München Der grüne Wahlsieger von Baden-Württemberg, Ministerpräsident Winfried Kretschmann, hat die Ämterteilung bei den Grünen scharf kritisiert. Die Lehre aus seinem Erfolg bei der Landtagswahl am 13. März sei, dass die Wähler eine eindeutige Personalisierung wollten, sagte Kretschmann in einem Interview mit der Süddeutschen Zeitung.

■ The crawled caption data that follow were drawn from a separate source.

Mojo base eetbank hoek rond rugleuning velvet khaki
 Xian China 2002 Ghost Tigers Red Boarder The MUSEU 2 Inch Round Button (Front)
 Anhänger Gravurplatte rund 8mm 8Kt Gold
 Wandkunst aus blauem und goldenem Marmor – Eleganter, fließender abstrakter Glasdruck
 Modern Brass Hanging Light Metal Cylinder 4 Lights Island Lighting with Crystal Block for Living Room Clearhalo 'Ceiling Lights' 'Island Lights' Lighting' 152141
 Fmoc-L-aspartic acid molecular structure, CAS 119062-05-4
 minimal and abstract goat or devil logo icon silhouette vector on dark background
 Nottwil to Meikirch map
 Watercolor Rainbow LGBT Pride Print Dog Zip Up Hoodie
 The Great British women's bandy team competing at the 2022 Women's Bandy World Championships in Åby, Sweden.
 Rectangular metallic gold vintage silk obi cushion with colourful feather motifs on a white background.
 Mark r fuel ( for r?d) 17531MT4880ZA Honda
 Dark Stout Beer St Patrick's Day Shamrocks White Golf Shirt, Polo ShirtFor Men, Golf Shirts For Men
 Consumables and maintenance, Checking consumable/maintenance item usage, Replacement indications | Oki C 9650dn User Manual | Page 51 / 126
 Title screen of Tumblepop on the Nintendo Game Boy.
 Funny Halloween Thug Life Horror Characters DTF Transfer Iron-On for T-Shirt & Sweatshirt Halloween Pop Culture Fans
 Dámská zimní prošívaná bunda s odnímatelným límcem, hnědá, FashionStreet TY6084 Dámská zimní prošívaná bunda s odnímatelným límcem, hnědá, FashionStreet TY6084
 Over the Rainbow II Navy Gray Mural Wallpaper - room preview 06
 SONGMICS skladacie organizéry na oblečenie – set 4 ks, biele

Zur Bundestagswahl wollen die Grünen aber wieder mit einer Doppelspitze antreten. Kretschmann hält dieses Prinzip generell für überholt. Es sei eine „Schönwetterveranstaltung“, wenn die Partei „ein Quartett“ anbiete mit Doppelspitze in Partei und Fraktion.
Ursprünglich sei die paritätische Besetzung von Männern und Frauen vernünftig gewesen, so Kretschmann weiter. „Jetzt heißt Doppelspitze aber immer auch: Realo – Linker. Nur, in der Politik muss man sich für den einen oder den anderen Weg entscheiden.“ 30 Jahre habe er gegen diese Konstruktion gekämpft, „in manchen Dingen muss man als Politiker auch mal resignieren.“ Bei der Landtagswahl hatten die Grünen 30,3 Prozent der Stimmen geholt und wurden erstmals bei einer Wahl stärkste Partei. Kretschmann selbst ist Umfragen zufolge derzeit der beliebteste Politiker Deutschlands.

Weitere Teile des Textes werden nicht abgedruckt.